──────── DATA FOR REVIEW ────────

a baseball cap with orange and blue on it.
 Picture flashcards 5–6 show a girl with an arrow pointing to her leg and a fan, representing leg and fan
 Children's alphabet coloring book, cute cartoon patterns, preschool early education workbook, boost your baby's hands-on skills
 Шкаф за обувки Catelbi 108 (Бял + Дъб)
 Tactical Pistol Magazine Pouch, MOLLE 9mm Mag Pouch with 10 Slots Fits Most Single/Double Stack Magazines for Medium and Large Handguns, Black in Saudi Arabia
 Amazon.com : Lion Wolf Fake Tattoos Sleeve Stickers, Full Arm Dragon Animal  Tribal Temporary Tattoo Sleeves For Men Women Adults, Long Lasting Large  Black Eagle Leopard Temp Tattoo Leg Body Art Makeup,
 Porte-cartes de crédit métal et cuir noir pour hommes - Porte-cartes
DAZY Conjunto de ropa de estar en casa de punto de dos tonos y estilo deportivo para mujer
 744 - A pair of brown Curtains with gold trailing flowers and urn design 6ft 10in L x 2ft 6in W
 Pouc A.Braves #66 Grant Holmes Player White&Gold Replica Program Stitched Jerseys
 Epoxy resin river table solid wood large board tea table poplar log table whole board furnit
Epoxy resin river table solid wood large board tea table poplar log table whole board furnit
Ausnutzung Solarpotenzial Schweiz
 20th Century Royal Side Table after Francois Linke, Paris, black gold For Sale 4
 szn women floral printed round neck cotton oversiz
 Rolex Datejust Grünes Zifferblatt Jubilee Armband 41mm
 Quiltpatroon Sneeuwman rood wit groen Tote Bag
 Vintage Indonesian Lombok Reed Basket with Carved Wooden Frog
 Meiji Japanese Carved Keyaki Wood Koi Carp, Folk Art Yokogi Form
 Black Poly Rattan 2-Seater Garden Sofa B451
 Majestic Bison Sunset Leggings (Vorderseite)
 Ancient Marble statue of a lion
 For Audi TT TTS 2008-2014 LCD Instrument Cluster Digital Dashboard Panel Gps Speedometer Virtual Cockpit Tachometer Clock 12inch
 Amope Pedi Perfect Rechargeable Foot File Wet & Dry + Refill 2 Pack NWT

────────

Please print the records above exactly from their first line. End with the line containing "Ancient Marble statue of a lion", and include it.

• RESPONSE TO THIS TASK:
a baseball cap with orange and blue on it.
 Picture flashcards 5–6 show a girl with an arrow pointing to her leg and a fan, representing leg and fan
 Children's alphabet coloring book, cute cartoon patterns, preschool early education workbook, boost your baby's hands-on skills
 Шкаф за обувки Catelbi 108 (Бял + Дъб)
 Tactical Pistol Magazine Pouch, MOLLE 9mm Mag Pouch with 10 Slots Fits Most Single/Double Stack Magazines for Medium and Large Handguns, Black in Saudi Arabia
 Amazon.com : Lion Wolf Fake Tattoos Sleeve Stickers, Full Arm Dragon Animal  Tribal Temporary Tattoo Sleeves For Men Women Adults, Long Lasting Large  Black Eagle Leopard Temp Tattoo Leg Body Art Makeup,
 Porte-cartes de crédit métal et cuir noir pour hommes - Porte-cartes
DAZY Conjunto de ropa de estar en casa de punto de dos tonos y estilo deportivo para mujer
 744 - A pair of brown Curtains with gold trailing flowers and urn design 6ft 10in L x 2ft 6in W
 Pouc A.Braves #66 Grant Holmes Player White&Gold Replica Program Stitched Jerseys
 Epoxy resin river table solid wood large board tea table poplar log table whole board furnit
Epoxy resin river table solid wood large board tea table poplar log table whole board furnit
Ausnutzung Solarpotenzial Schweiz
 20th Century Royal Side Table after Francois Linke, Paris, black gold For Sale 4
 szn women floral printed round neck cotton oversiz
 Rolex Datejust Grünes Zifferblatt Jubilee Armband 41mm
 Quiltpatroon Sneeuwman rood wit groen Tote Bag
 Vintage Indonesian Lombok Reed Basket with Carved Wooden Frog
 Meiji Japanese Carved Keyaki Wood Koi Carp, Folk Art Yokogi Form
 Black Poly Rattan 2-Seater Garden Sofa B451
 Majestic Bison Sunset Leggings (Vorderseite)
 Ancient Marble statue of a lion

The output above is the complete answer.